I think perhaps the Airport Security wanted some nice fresh coffee.


----------



## profondoblu (May 8, 2014)

On the lines of this, anyone taken a hand grinder through airport security, I'm flying from glasgow to gatwick to go home for the weekend and wanna take my porlex home!

James I take it you work offshore? I'm just beginning my journey into the world of proper coffee and working away also I'll be looking to find ways of having decent coffee whilst away.


----------



## Mike mc (Apr 10, 2012)

profondoblu said:


> On the lines of this, anyone taken a hand grinder through airport security, I'm flying from glasgow to gatwick to go home for the weekend and wanna take my porlex home!
> 
> James I take it you work offshore? I'm just beginning my journey into the world of proper coffee and working away also I'll be looking to find ways of having decent coffee whilst away.

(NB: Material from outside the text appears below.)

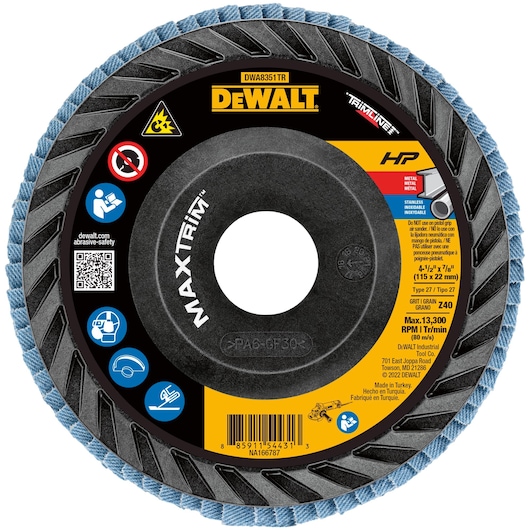 DEWALT HP MAXTRIM Trimmable Backer Flap Disc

Interested to the responses to this.as I will be frequenting Spain on average of 6 times a year I'm contemplating buying a hausgrind to take over with my for a pour over etc in the mornings.

I generally only take hand luggage thou and would be gutted if I couldn't fly out with it and ended up loosing the grinder to security


----------



## origmarm (Mar 7, 2012)

I've taken my porlex a few times. I've taken it in hold baggage 3 times and hand luggage once. The hold baggage would appear to be no issue, although I did get the note from TSA in the USA one of the three times saying they had opened the bag so I suspect this is why. I've taken it to Spain, Portugal and the USA without issue. The one time I took it in hand luggage (Edinburgh) I nearly had it taken off me, not unsurprising thinking about it for something that basically looks like a pipe bomb on a scanner. The security people were not impressed at my sparking a mini-panic but reneged and let me keep it.


----------



## jeebsy (May 5, 2013)

Could you not pre empt that and take it out before your bag goes through?


----------



## profondoblu (May 8, 2014)

I might have a try this weekend, I'll let you know how I get on 'gulp'


----------



## origmarm (Mar 7, 2012)

jeebsy said:


> Could you not pre empt that and take it out before your bag goes through?

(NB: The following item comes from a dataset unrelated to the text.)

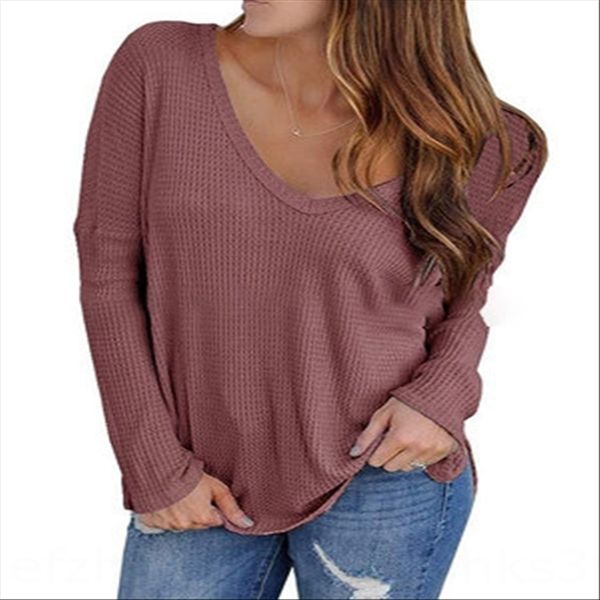

2019 autumn women's long sleeve deep v loose 2019 t-shirt waffle autumn women's waffle long sleeve deep v loose t-shirt, White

I think next time I certainly would! With hindsight it wasn't the smartest thing but I didn't really think it through. Overall I'd still be nervous about taking it frankly.


----------



## profondoblu (May 8, 2014)

Took my porlex from glasgow to gatwick and back this weekend, I just left in in my hand luggage through the scanner and it didn't get questioned either end!


----------



## twistywizard (Sep 3, 2012)

Had a hand grinder on Carry on 4 times now. Flown from Bournemouth, Bristol and Heathrow without issue. Didn't even want to look it. If an airport scanner thinks it looks like a Pipe bomb he needs to be retrained. For a start on there machine the colour showing up would be completely wrong.


----------



## froggystyle (Oct 30, 2013)

Didnt someone recently bring a HG one back from the states in hand luggage ?


----------



## coffeechap (Apr 5, 2012)

I had one as hold luggage, think the box is too big for hand luggage


----------



## Gangstarrrrr (Mar 4, 2013)

froggystyle said:


> Didnt someone recently bring a HG one back from the states in hand luggage ?

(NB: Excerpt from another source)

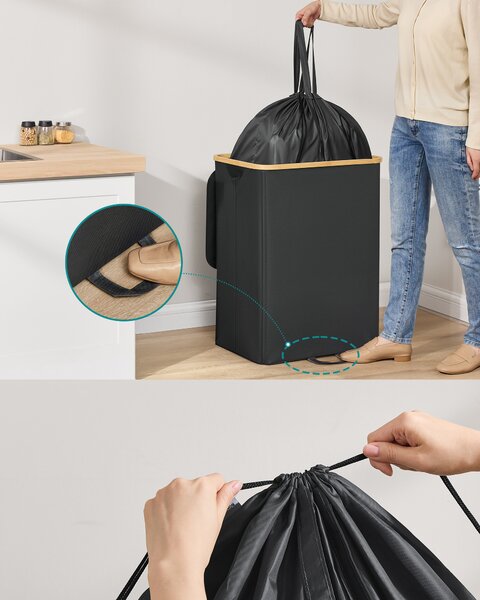 SONGMICS Kôš na triedený odpad 140 l vnútorný sáčok s uchami čierna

That'd be me. Got pulled aside but the TSA agent waved me on my way after I explained. She was somewhat bemused!


----------



## froggystyle (Oct 30, 2013)

Boom, knew it was someone.


----------



## Glenn (Jun 14, 2008)

The Mile High Aeropress Club has plenty of members who take their grinder and beans onboard aircraft (for those who fly commercial airlines often)

Appreciate that the heli situation is different as a private enterprise


----------



## froggystyle (Oct 30, 2013)

Off to Tenerife and Dusseldorf later this year, reckon i need to invest in a hand grinder now...


----------



## origmarm (Mar 7, 2012)

As an update took a Porlex through EDI last week without issue so the incident above seems to have been a one off which would fit with twisty's comment above


----------